There was a point in my career when I would have considered success having a sandwich named after me at a good deli. I could never have imagined a doctrine, which is much cooler than a sandwich any day (“Seeing, and Believing,” by Nick Schulz, June 17). Still, I am not sure I am worthy. The line, “you can’t really appreciate what happened in the prison until you see the pictures,” was first spoken not by me but by the Secretary of Defense before the Congress. Nevertheless, I embrace it, and hope you do not now switch it to the Donald Rumsfeld Doctrine.
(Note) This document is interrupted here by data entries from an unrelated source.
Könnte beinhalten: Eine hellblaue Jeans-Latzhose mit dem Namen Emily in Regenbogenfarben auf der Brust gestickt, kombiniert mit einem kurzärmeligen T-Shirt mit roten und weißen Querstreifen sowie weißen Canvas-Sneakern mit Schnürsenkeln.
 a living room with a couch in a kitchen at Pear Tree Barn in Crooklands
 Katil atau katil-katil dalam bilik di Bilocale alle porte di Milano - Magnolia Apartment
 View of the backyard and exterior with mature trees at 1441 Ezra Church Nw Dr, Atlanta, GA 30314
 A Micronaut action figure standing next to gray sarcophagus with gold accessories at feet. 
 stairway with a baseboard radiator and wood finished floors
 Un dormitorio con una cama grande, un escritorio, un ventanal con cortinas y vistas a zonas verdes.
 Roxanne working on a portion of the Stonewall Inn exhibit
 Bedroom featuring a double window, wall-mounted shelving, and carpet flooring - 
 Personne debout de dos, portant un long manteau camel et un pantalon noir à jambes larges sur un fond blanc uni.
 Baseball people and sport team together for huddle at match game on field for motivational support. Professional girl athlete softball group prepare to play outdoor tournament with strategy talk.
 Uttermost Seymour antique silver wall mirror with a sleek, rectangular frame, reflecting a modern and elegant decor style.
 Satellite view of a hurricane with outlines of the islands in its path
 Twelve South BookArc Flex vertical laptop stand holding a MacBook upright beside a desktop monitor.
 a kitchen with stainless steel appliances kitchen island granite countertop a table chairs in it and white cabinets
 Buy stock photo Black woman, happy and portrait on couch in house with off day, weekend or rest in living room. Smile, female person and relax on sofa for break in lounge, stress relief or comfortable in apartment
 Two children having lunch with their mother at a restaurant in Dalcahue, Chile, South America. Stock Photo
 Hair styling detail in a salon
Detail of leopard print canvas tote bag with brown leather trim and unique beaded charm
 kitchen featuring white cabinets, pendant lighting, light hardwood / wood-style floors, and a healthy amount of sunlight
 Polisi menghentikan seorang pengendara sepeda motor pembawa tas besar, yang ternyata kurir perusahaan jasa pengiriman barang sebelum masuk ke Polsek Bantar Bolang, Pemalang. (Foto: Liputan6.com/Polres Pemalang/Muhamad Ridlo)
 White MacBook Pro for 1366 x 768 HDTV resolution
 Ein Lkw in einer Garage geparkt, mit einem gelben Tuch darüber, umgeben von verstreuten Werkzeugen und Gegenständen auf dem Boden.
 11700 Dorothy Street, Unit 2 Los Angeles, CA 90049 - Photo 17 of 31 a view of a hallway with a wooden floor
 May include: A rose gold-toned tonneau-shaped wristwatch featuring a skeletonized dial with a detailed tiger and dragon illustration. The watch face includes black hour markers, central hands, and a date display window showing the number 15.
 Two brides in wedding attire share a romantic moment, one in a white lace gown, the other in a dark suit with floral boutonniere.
Of greater importance is the application of the Aaron Brown Doctrine, or ABD as we now call it. In that regard, I would mention that on October 30, 2003, Newsnight and CNN aired a Saddam torture tape that sounds very much like the tape you describe. We showed severed fingers (up to the moment of the cut), we showed a man having his tongue cut out. There was a beheading. That sort of horrific stuff. We did so because, to quote myself, you can’t really appreciate what Saddam was like until you see it. The ABD also came into play when we, and the network, ran al Qaeda training tapes, which among other things included experiments with poison gas on dogs. It too was disgusting and telling.
It seems fair to draw two conclusions. We are consistent in our application of the ABD, and your writer does not watch often enough.
New York, N.Y.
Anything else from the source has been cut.